_Your goal_
The records below are to be set down again exactly, with the pictures left out.

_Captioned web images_
══════════════════════════════

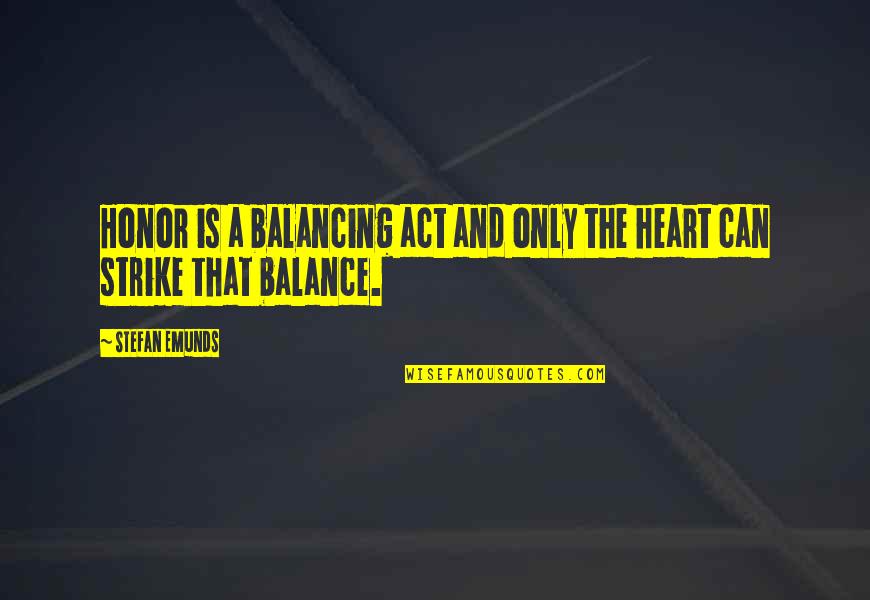 Snowing Heavily Quotes By Stefan Emunds: Honor is a balancing act and only the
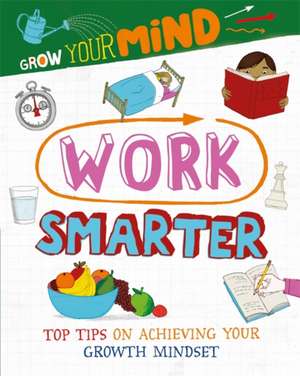 Grow Your Mind: Work Smarter de Alice Harman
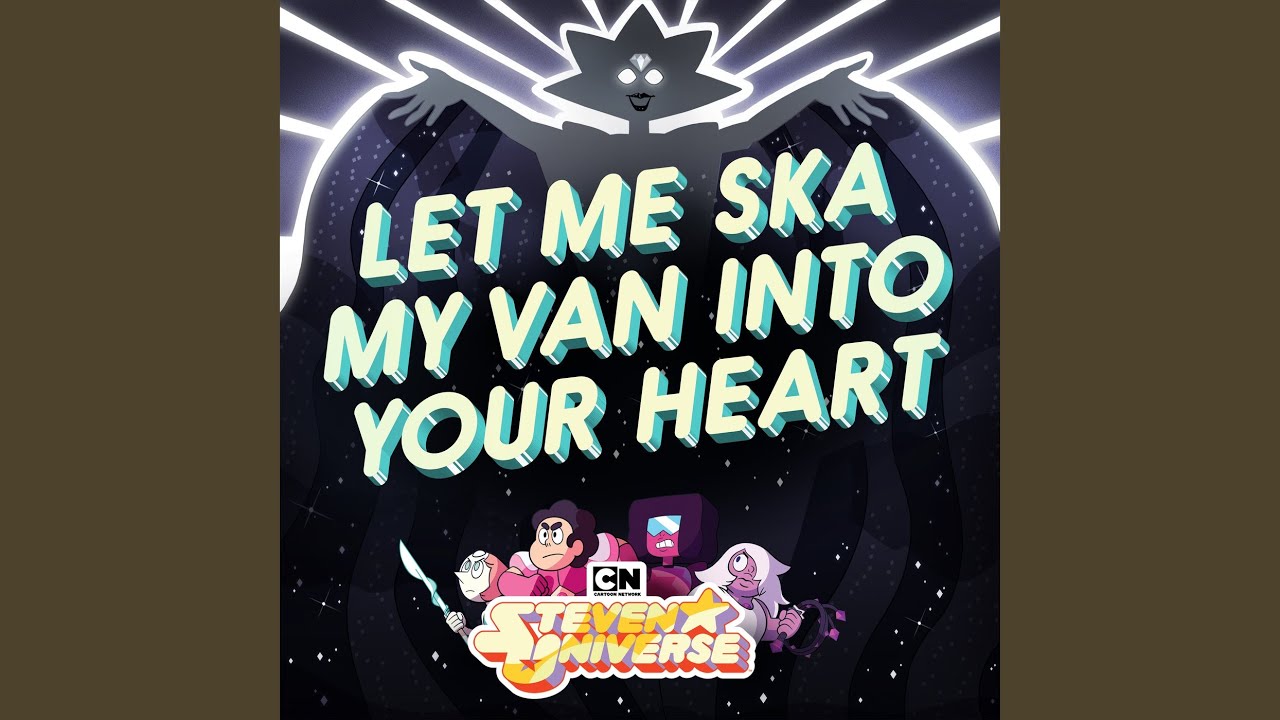 Steven Universe - Let Me Ska My Van into Your Heart acordes
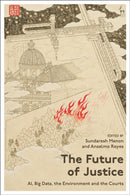 The Future of Justice : AI, Big Data, the Environment and the Courts-9781509984398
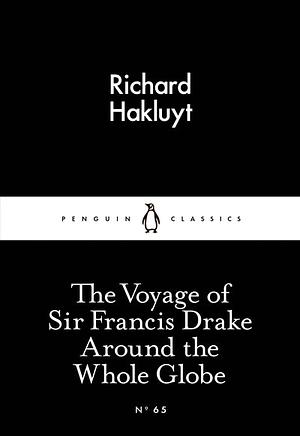 The Voyage of Sir Francis Drake Around the Whole Globe by Richard Hakluyt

══════════════════════════════

_Answer to the problem_
 Snowing Heavily Quotes By Stefan Emunds: Honor is a balancing act and only the
 Grow Your Mind: Work Smarter de Alice Harman
 Steven Universe - Let Me Ska My Van into Your Heart acordes
 The Future of Justice : AI, Big Data, the Environment and the Courts-9781509984398
 The Voyage of Sir Francis Drake Around the Whole Globe by Richard Hakluyt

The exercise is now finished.